Let $V, W$ be $n$-dimensional $K$-vector spaces with a non-degenerate bilinear form $(\cdot, \cdot) : V \times W \to K$. We call a basis $(\beta_1, \dots, \beta_n)$ for $W$ dual to a basis $(\alpha_1, \dots, \alpha_n)$ for $V$ with respect to $(\cdot, \cdot)$ if for all $i, j$ we have $(\alpha_i, \beta_j) = \delta_{i j}$, where $\delta_{i j}$ denotes the Kronecker delta.
The above I've found is fairly standard terminology. I've seen assertions that such a dual basis always exists and it is unique, but I haven't really seen a proof.
Can anyone point me in the right direction for this proof? Is it constructive?
Best Answer
Thanks to Daniel Fischer, making everything slightly more verbose:
Existence: The bilinear form gives $\Phi : W \to V^*$, where $\Phi(w) = \lambda_w \in V^*$, for $\lambda_w(v) = (v, w)$. This is a linear map, by linearity of $(\cdot, \cdot)$. It is injective by non-degeneracy of $(\cdot, \cdot)$, and since $\dim W = \dim V^*$, it must also be surjective. A bijective linear map is an isomorphism, so we have a linear inverse $\Phi^{-1}$. Note for any $w \in W$ we have $$(v, \Phi^{-1}(\lambda_w)) = (v, w) = \lambda_w(v)$$ and since $\Phi$ is surjective this works for any $\lambda \in V^*$.
We can construct the dual basis of $(\alpha_1, \dots, \alpha_n)$ in $V^*$ by setting $\lambda_i(\alpha_j) = \delta_{i j}$ and taking $(\lambda_1, \dots, \lambda_n)$ (see for example Prop 1.0.2 of these notes).

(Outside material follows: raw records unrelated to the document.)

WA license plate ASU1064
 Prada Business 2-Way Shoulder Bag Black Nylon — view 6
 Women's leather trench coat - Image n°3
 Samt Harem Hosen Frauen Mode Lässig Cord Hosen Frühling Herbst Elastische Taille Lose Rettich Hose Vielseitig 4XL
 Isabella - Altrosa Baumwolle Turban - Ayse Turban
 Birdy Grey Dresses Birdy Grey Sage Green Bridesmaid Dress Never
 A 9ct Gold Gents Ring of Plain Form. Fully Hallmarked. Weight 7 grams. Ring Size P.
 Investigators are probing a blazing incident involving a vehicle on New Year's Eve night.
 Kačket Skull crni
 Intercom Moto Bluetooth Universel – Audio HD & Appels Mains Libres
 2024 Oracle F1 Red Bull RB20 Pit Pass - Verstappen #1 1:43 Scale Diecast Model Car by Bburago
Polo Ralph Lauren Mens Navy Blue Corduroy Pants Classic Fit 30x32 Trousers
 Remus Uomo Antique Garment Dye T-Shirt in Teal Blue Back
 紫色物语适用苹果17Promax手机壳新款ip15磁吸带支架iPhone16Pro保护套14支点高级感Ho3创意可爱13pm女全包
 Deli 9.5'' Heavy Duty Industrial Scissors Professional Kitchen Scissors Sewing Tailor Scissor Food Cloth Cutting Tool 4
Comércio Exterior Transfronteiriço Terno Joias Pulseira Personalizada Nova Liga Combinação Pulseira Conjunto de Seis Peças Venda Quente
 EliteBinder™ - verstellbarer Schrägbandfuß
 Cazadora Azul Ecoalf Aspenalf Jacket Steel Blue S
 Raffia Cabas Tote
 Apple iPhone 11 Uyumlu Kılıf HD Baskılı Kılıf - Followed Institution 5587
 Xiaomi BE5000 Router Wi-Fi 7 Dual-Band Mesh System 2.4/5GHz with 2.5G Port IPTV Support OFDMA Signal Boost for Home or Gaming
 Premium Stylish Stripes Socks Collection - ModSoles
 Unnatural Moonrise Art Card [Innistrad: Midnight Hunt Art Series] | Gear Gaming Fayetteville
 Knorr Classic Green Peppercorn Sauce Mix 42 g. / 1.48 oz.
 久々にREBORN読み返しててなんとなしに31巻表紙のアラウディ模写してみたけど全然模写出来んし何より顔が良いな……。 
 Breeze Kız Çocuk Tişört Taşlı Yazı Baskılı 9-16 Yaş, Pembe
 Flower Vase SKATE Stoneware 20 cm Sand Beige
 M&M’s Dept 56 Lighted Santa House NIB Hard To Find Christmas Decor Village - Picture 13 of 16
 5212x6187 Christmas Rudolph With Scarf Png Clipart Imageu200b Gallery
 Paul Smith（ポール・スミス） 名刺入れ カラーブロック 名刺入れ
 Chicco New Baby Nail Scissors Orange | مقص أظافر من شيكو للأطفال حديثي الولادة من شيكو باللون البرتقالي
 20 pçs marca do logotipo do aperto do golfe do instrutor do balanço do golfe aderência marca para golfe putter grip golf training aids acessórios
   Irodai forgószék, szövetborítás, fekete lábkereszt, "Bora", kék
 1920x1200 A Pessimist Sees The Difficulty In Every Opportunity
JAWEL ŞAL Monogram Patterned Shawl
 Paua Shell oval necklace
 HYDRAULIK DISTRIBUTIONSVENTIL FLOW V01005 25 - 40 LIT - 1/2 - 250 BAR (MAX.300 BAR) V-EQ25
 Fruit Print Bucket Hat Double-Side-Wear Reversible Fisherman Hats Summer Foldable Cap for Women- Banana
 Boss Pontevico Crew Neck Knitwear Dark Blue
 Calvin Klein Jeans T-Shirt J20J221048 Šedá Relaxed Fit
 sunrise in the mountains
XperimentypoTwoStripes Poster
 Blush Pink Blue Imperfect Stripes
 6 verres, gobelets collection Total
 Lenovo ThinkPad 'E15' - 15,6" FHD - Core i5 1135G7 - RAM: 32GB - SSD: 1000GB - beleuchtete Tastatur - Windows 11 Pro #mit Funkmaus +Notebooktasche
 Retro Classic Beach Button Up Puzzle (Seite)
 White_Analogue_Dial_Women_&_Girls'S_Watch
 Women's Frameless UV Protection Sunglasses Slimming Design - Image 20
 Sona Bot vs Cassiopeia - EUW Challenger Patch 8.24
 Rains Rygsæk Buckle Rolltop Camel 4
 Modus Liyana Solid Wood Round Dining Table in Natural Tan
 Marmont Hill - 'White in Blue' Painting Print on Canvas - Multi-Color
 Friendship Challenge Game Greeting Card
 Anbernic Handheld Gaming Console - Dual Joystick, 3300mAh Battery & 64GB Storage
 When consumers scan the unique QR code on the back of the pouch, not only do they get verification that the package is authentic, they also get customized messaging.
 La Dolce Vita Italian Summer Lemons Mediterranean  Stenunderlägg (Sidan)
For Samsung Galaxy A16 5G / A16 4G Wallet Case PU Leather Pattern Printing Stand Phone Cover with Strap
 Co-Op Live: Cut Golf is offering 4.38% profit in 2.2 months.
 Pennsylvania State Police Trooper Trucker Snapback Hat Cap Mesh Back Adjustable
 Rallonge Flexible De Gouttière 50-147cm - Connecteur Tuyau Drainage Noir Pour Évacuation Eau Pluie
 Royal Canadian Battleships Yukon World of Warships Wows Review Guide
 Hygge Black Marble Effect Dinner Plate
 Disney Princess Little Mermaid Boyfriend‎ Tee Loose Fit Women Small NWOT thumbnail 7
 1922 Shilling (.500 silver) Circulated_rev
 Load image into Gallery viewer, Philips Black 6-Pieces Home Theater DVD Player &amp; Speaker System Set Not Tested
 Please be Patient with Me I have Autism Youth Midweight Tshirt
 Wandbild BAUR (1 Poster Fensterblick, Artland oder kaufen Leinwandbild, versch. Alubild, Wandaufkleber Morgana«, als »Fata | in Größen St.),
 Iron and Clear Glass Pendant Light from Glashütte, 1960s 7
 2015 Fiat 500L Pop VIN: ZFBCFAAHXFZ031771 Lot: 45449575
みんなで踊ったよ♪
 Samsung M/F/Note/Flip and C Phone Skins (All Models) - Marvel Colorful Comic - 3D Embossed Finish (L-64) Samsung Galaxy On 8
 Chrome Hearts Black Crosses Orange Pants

Now, $(\beta_1, \dots, \beta_n)$, where $\beta_i = \Phi^{-1}(\lambda_i)$, gives a basis for $W$ that satisfies the required duality: $$ (\alpha_i, \beta_j) = (\alpha_i, \Phi^{-1}(\lambda_j)) = \lambda_j(\alpha_i) = \delta_{i j} $$ It is a basis because we're applying an isomorphism to elements that also constitute a basis.
Uniqueness: Suppose $(\beta_1', \dots, \beta_n')$ is another basis of $W$ satisfying the duality condition. Since the $\beta_1, \dots, \beta_n$ span $W$ we can write $\beta_j' = \sum_k c_{j k} \beta_k$ for all indices $j$. Applying $(\alpha_i, \cdot)$ to that equation we get: $$\delta_{j i} = \delta_{i j} = (\alpha_i, \beta_j') = \sum_k c_{j k} (\alpha_i, \beta_k) = c_{j i}$$ hence $\beta_j' = \beta_j$ for all indices $j$.